> Work to complete
Here the answer must be the exact run of lines from the line holding "Camiseta De Algodón Estampada De Peso Medio" to the end of the material below, and nothing else.
** Opening Data supplied block **
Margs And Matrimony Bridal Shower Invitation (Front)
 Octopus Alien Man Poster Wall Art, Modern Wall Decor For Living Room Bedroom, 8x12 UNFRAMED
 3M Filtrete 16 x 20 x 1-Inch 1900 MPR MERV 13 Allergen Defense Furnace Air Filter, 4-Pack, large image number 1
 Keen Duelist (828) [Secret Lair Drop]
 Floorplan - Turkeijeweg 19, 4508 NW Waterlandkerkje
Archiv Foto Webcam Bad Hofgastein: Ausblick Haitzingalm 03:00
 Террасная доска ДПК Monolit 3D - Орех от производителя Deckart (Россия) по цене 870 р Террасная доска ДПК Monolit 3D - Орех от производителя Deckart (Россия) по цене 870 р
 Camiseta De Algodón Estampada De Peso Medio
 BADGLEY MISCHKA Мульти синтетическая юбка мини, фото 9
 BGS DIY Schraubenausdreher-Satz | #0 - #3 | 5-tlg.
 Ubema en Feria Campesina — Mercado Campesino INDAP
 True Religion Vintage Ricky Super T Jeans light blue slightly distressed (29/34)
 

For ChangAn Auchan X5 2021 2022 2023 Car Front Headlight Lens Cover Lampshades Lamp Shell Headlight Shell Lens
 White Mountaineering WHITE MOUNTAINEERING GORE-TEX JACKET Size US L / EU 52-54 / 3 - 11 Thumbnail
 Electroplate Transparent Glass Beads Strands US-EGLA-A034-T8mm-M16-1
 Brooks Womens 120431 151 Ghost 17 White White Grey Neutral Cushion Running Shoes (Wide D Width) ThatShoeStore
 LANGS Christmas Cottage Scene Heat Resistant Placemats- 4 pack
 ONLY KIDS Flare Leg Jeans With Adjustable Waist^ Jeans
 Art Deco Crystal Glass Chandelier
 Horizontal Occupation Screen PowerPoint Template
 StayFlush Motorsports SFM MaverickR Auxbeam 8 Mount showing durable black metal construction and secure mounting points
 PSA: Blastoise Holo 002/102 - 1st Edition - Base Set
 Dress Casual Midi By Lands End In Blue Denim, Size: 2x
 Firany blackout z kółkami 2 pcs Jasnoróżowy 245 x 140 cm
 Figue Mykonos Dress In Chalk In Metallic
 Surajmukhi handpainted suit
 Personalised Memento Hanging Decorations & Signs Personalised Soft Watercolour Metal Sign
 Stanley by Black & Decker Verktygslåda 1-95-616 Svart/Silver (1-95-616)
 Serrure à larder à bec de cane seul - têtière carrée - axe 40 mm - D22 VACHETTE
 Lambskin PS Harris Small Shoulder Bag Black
** Closing Data supplied block **
> Expected answer
 Camiseta De Algodón Estampada De Peso Medio
 BADGLEY MISCHKA Мульти синтетическая юбка мини, фото 9
 BGS DIY Schraubenausdreher-Satz | #0 - #3 | 5-tlg.
 Ubema en Feria Campesina — Mercado Campesino INDAP
 True Religion Vintage Ricky Super T Jeans light blue slightly distressed (29/34)
 

For ChangAn Auchan X5 2021 2022 2023 Car Front Headlight Lens Cover Lampshades Lamp Shell Headlight Shell Lens
 White Mountaineering WHITE MOUNTAINEERING GORE-TEX JACKET Size US L / EU 52-54 / 3 - 11 Thumbnail
 Electroplate Transparent Glass Beads Strands US-EGLA-A034-T8mm-M16-1
 Brooks Womens 120431 151 Ghost 17 White White Grey Neutral Cushion Running Shoes (Wide D Width) ThatShoeStore
 LANGS Christmas Cottage Scene Heat Resistant Placemats- 4 pack
 ONLY KIDS Flare Leg Jeans With Adjustable Waist^ Jeans
 Art Deco Crystal Glass Chandelier
 Horizontal Occupation Screen PowerPoint Template
 StayFlush Motorsports SFM MaverickR Auxbeam 8 Mount showing durable black metal construction and secure mounting points
 PSA: Blastoise Holo 002/102 - 1st Edition - Base Set
 Dress Casual Midi By Lands End In Blue Denim, Size: 2x
 Firany blackout z kółkami 2 pcs Jasnoróżowy 245 x 140 cm
 Figue Mykonos Dress In Chalk In Metallic
 Surajmukhi handpainted suit
 Personalised Memento Hanging Decorations & Signs Personalised Soft Watercolour Metal Sign
 Stanley by Black & Decker Verktygslåda 1-95-616 Svart/Silver (1-95-616)
 Serrure à larder à bec de cane seul - têtière carrée - axe 40 mm - D22 VACHETTE
 Lambskin PS Harris Small Shoulder Bag Black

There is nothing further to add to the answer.